What is the definition of software engineering according to Modern Software Engineering?
- Empirical Approach: Farley defines it as "the application of an empirical, scientific approach to finding efficient, economic solutions to practical problems in software."
- Focus on Learning: The definition underscores the need for continuous learning and effective complexity management.
- Beyond Coding: It emphasizes that software engineering involves a structured approach to problem-solving, not just writing code.
How does Modern Software Engineering define feedback?
- Essential for Learning: Feedback is described as "the transmission of evaluative or corrective information," crucial for learning.
- Improves Decision-Making: Effective feedback allows teams to make informed decisions, enhancing work quality.
- Multiple Levels: The book emphasizes feedback at various levels, including coding, integration, and product design.
What is the significance of modularity in Modern Software Engineering?
- Managing Complexity: Modularity helps manage complexity by allowing system components to be separated and recombined.
- Independent Development: It facilitates independent work on separate modules, enhancing collaboration and speeding up development.
- Improves Code Quality: A modular approach encourages separation of concerns, reducing the risk of changes affecting unrelated parts.
What are the five techniques for optimizing learning mentioned in Modern Software Engineering?
- Iteration: Emphasizes iterative processes to refine and improve software continuously.
- Feedback: Highlights the importance of gathering feedback to inform decisions and guide development.
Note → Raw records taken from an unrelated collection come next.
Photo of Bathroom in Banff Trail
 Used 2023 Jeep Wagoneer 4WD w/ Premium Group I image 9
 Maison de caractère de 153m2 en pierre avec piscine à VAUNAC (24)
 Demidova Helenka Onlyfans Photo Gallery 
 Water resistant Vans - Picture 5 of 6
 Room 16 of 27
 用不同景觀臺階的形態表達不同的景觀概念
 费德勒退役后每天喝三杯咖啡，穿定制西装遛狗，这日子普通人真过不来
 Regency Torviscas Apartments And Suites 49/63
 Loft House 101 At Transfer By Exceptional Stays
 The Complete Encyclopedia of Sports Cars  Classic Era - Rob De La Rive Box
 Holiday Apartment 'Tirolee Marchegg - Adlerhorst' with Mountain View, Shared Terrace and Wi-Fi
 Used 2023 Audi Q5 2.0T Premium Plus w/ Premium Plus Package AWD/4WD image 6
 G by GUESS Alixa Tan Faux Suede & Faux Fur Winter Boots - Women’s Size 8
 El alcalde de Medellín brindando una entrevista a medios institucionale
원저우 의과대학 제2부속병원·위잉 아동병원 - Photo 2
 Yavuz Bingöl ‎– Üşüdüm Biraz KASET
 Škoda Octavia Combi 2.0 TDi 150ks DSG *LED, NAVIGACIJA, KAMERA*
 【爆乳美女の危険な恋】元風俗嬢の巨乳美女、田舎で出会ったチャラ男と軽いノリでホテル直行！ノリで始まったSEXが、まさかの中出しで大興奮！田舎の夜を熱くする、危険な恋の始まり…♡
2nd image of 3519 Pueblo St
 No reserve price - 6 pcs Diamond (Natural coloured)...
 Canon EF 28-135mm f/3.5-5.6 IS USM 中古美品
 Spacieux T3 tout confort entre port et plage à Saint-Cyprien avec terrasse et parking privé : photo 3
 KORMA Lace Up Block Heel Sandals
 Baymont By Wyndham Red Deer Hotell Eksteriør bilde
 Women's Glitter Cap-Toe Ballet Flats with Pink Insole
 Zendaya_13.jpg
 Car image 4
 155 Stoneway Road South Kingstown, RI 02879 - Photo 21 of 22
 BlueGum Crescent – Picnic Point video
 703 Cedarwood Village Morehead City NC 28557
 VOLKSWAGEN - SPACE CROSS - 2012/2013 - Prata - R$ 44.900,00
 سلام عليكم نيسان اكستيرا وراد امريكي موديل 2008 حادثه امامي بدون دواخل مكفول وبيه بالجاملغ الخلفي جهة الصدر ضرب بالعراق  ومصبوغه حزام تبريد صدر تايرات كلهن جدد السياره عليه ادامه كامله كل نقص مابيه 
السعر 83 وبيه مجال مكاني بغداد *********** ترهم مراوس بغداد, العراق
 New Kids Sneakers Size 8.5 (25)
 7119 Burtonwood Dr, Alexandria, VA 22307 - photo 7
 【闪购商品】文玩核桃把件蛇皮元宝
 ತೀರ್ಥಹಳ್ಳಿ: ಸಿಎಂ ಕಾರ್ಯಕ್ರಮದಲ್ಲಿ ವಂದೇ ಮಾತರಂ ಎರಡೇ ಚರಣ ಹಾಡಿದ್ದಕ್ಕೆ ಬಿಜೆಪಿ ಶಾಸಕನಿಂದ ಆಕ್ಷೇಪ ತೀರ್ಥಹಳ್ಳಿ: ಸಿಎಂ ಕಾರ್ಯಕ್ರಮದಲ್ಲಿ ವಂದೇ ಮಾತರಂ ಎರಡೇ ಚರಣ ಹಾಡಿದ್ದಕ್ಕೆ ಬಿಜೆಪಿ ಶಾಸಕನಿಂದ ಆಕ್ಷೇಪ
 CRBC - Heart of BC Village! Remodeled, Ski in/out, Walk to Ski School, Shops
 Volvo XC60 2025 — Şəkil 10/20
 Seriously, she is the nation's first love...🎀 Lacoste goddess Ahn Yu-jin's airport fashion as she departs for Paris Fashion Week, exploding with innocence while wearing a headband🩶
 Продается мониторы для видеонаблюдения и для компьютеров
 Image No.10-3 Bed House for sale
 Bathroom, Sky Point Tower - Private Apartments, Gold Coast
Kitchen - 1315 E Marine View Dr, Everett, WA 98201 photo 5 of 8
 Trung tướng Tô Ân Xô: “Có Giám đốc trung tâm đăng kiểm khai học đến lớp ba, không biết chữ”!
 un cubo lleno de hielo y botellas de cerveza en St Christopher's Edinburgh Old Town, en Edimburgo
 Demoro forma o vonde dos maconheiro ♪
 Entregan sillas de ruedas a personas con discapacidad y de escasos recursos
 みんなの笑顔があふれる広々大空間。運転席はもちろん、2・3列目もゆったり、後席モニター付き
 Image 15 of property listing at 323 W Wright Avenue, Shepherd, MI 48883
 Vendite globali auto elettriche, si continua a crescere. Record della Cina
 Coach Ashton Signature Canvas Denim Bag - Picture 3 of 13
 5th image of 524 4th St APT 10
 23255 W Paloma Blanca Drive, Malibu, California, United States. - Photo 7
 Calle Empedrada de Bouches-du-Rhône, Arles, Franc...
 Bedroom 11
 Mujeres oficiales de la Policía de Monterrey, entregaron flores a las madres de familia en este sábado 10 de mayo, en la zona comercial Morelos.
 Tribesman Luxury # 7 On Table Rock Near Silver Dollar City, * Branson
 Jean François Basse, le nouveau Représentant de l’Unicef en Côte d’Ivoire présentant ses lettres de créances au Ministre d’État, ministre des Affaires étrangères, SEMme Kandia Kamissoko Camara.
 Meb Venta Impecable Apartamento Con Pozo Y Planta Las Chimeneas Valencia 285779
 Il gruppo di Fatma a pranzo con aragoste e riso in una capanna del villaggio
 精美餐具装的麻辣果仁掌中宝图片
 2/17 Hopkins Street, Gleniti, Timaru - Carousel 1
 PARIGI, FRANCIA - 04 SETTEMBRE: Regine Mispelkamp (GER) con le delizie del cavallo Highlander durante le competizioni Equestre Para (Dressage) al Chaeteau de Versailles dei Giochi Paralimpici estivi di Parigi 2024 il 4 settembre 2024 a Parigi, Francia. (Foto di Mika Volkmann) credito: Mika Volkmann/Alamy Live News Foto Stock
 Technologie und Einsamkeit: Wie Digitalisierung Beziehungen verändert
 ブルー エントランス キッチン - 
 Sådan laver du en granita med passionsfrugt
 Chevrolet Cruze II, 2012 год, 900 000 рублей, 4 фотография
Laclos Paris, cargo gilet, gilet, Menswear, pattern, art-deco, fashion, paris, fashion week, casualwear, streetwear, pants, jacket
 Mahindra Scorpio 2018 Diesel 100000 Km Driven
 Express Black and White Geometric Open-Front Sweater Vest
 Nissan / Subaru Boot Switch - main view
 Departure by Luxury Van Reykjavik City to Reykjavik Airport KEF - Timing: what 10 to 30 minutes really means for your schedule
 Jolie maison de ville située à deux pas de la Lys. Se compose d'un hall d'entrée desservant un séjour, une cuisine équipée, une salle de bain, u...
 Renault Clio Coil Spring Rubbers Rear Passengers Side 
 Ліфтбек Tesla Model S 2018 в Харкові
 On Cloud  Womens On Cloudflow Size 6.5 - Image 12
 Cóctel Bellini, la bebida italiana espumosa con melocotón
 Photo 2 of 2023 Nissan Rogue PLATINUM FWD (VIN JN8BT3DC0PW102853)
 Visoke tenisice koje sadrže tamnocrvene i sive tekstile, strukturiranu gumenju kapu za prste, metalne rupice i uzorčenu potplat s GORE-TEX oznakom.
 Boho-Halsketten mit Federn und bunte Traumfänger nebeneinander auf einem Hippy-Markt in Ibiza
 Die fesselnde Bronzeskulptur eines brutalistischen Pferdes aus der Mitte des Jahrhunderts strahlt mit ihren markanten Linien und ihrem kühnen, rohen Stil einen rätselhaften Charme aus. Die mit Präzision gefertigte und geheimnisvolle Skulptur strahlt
- Incrementalism: Advocates for building systems in small, manageable increments to deliver value progressively.
- Experimentation: Encourages experimenting with new ideas to discover what works best.
- Empiricism: Stresses validating ideas based on real-world evidence.
What is continuous delivery, and why is it important according to Modern Software Engineering?
- Deployment Pipeline: Continuous delivery involves a deployment pipeline that automates testing and deployment, keeping software always releasable.
- Faster Feedback: It allows rapid feedback on changes, enabling quick issue identification and resolution.
- Agile Alignment: Supports agile methodologies, allowing incremental feature delivery and effective user feedback response.
How does Modern Software Engineering suggest managing complexity?
- Use of Abstraction: Advocates for using abstraction to hide unnecessary details, reducing complexity.
- Separation of Concerns: Encourages separating system aspects to create more maintainable and understandable code.
- Iterative Development: Emphasizes making small, frequent changes to better manage complexity over time.
What is the role of testability in software design according to Modern Software Engineering?
- Design for Testability: Code should be designed to be easily testable, leading to better architecture and quality.
- Feedback Mechanism: Testability provides feedback to identify design flaws early, allowing iterative improvements.
- Encourages Good Practices: Focus on testability encourages modular design and separation of concerns, leading to maintainable code.
What are some common pitfalls in software engineering discussed in Modern Software Engineering?
- Over-Engineering: Warns against over-engineering solutions, which can lead to unnecessary complexity.
- Ignoring Testability: Failing to design for testability can result in tightly coupled, hard-to-maintain code.
- Neglecting Feedback Loops: Highlights the importance of fast feedback loops, cautioning against delayed testing and validation.
What are some best practices for achieving high-quality software as per Modern Software Engineering?
- Focus on Testability: Prioritize designing software that is easy to test for better quality and maintainability.
- Embrace Continuous Delivery: Implement practices to ensure software is always in a releasable state, facilitating rapid feedback.
- Iterate and Improve: Adopt an iterative approach, allowing continuous learning and improvement based on feedback.